Automatic Speech Recognition in Somali

University essay from Linköpings universitet/Statistik och maskininlärning

Abstract: The field of speech recognition during the last decade has left the research stage and found its way into the public market, and today, speech recognition software is ubiquitous around us. An automatic speech recognizer understands human speech and represents it as text. Most of the current speech recognition software employs variants of deep neural networks. Before the deep learning era, the hybrid of hidden Markov model and Gaussian mixture model (HMM-GMM) was a popular statistical model to solve speech recognition. In this thesis, automatic speech recognition using HMM-GMM was trained on Somali data which consisted of voice recording and its transcription. HMM-GMM is a hybrid system in which the framework is composed of an acoustic model and a language model. The acoustic model represents the time-variant aspect of the speech signal, and the language model determines how probable is the observed sequence of words. This thesis begins with background about speech recognition. Literature survey covers some of the work that has been done in this field. This thesis evaluates how different language models and discounting methods affect the performance of speech recognition systems. Also, log scores were calculated for the top 5 predicted sentences and confidence measures of pre-dicted sentences. The model was trained on 4.5 hrs of voiced data and its corresponding transcription. It was evaluated on 3 mins of testing data.

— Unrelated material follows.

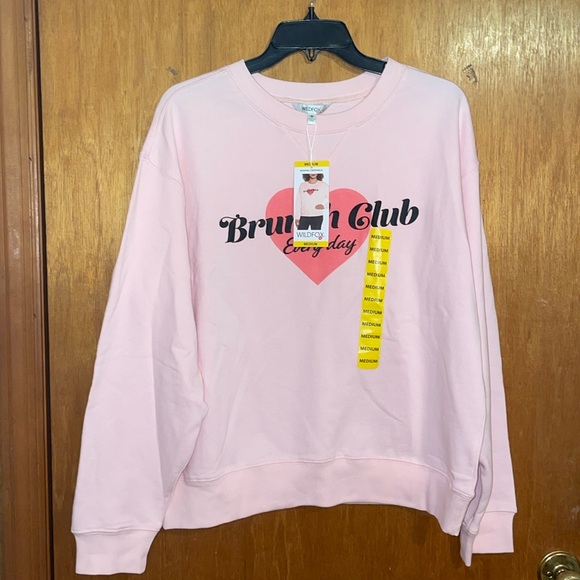 •WILDFOX•NWT "BRUNCH CLUB EVERYDAY" PINK HEART GRAPHIC CREWNECK SWEATER MEDIUM - Picture 5 of 11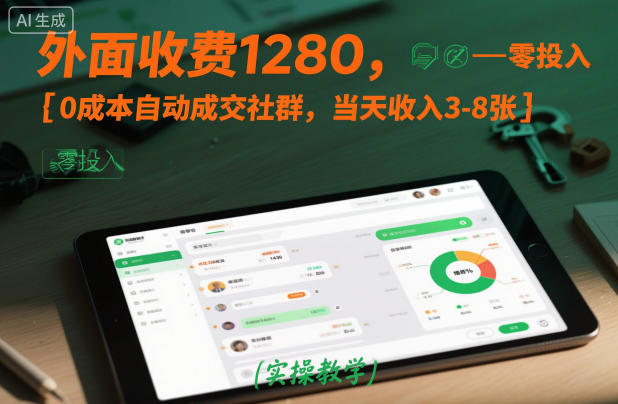 外面收费1280，0成本自动成交社群，当天收入3-8张【实操教学】-副业资源网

The performance of the trained model on the test set was good, given that the data was devoid of any background noise and lack of variability. The performance of the model is measured using word error rate(WER) and sentence error rate (SER). The performance of the implemented model is also compared with the results of other research work. This thesis also discusses why log and confidence score of the sentence might not be a good way to measure the performance of the resulting model. It also discusses the shortcoming of the HMM-GMM model, how the existing model can be improved, and different alternatives to solve the problem.